Why do I talk about the priority queue in the heap data structure post?
It’s because the heap is the most crucial part of priority queue implementation.
The heap data structure actually maintains elements based on the order specified.
Let’s take a look at how the heap is structured and how it handles data.

How is heap structured?

Typically many efficient data structures maintain elements in sorted order to access data fast.
Binary search is a good example that requires all the elements to be sorted.
Binary search tree also guarantees all the tree nodes are placed in sorted order.

However, although heap uses binary tree it is not as restrictive as the binary search tree.
The only requirement of heap is that all the children of the tree node need to be smaller than the parent. (max heap)
If a user wants min-heap then all the children of the tree node need to be bigger than the parent.
Max heap guarantees that the root of the tree will always be the largest element of all the tree nodes.
Min heap guarantees that the root of the tree will always be the smallest element of all the tree nodes.

Let’s take a look at the picture of max heap as a picture is worth a thousand words.

heap data structure

As you see the above, 98 is the largest value of all the nodes.
Then node 98 has two children, 85 and 90. Node 85 has two children 81 and 82. Node 90 has two children 84 and 88.
Please note that this tree is not strictly sorted like binary search tree.
You may have noticed that node 88, the child of 90, is greater than node 85 but it’s located at the leaf node.
Basically it is fine as long as the parent node is greater than its children.

As you can see heap condition is maintained in the above example.

  1. Node 98: 98 > 85 && 98 > 90
  2. Node 85: 85 > 81 && 85 > 82
  3. Node 90: 90 > 84 && 90 > 88

Why do we only care about parent and children relationship?
It’s because we just want to maintain everything based on priority!
What heap guarantees is that the root will be the largest value for max-heap and smallest for min-heap.

Where do you use heap for?

Now you might wonder why heap is useful when it only guarantees about the root element.
This is important because as you keep inserting elements the heap will always maintain the elements based on the priority.

Let’s go back to the very first example I gave in the beginning of the post – to dos for a day.
As you are finishing your job for the day there might be more jobs created (i.e. your family asked to pick up pizza)
The important thing is that the priority order needs to be maintained as new jobs are requested.

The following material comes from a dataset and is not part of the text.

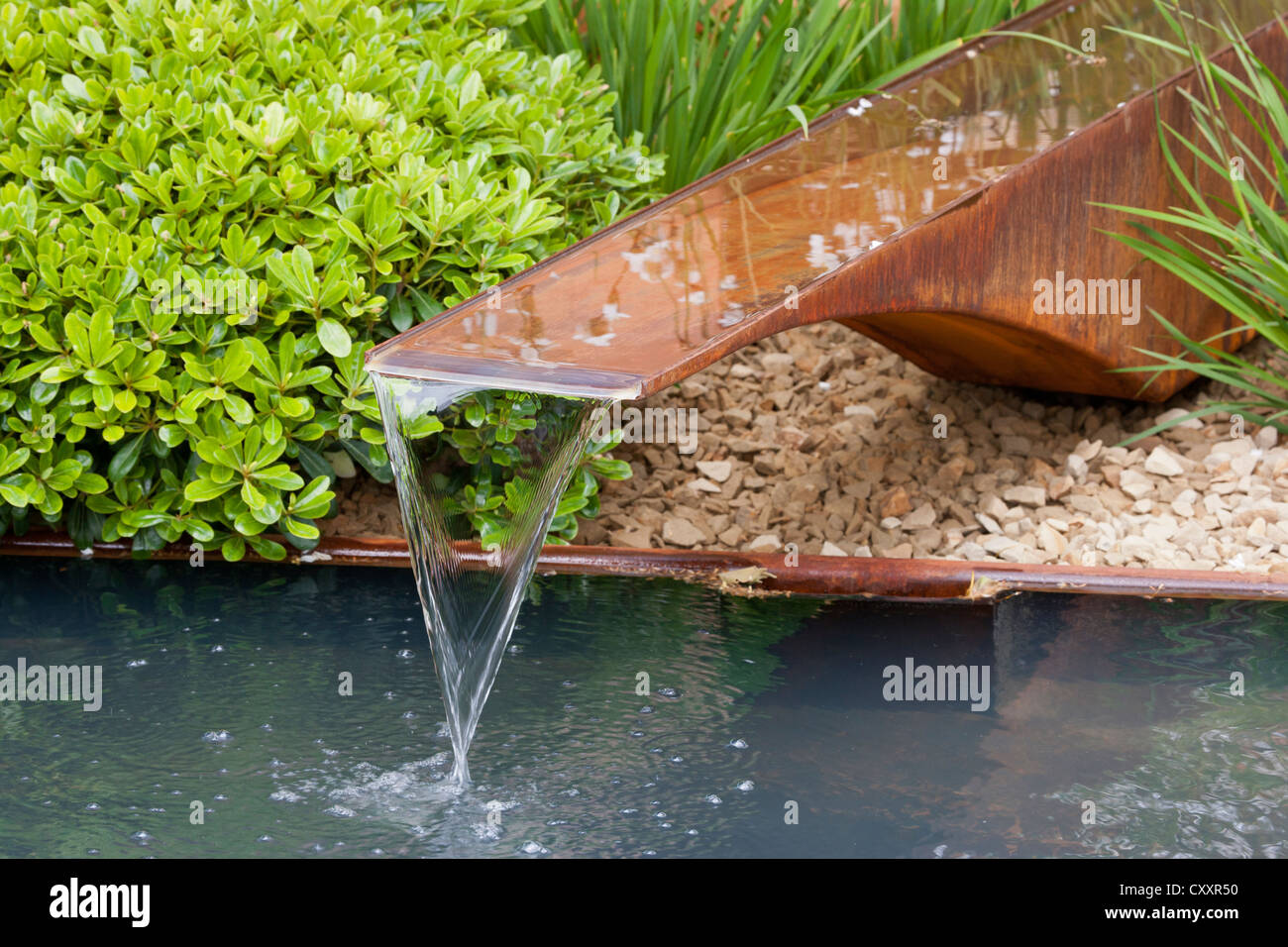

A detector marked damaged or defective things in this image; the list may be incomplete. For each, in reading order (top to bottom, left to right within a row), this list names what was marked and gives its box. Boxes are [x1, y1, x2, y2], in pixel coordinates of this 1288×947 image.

Therefore, heap is really the core of priority queue and priority queue works best if you want to process each element based on specified priority.

How do you maintain the heap?

The critical point of the heap is maintaining the order.
Maintenance is really simple as there are only two cases – insertion and pop of the element.

Insertion

  1. Insert the element to the leaf of the tree (I will explain which leaf in code example)
  2. Now, it is possible that heap order is broken so check and swap if the new element is greater/smaller than the parent.
  3. Recursively check until heap invariant is satisfied

This is fixing the heap upward.

Pop/Deletion

What does pop mean? You are dequeuing the root element from the heap.
After popping the root you also need to maintain the heap.

  1. Save the root element
  2. Place last element (leaf) to the root position
  3. Check and swap parent and children node until heap condition is satisfied

This is fixing the heap downward.

Array can be used to represent binary tree for the heap!

For efficient access you can use array to represent binary tree.

heap implemented based on array

Although I could use binary tree it will be less efficient since 2 children pointers are required which is less efficient since you can use the index of an array to find out the location of children.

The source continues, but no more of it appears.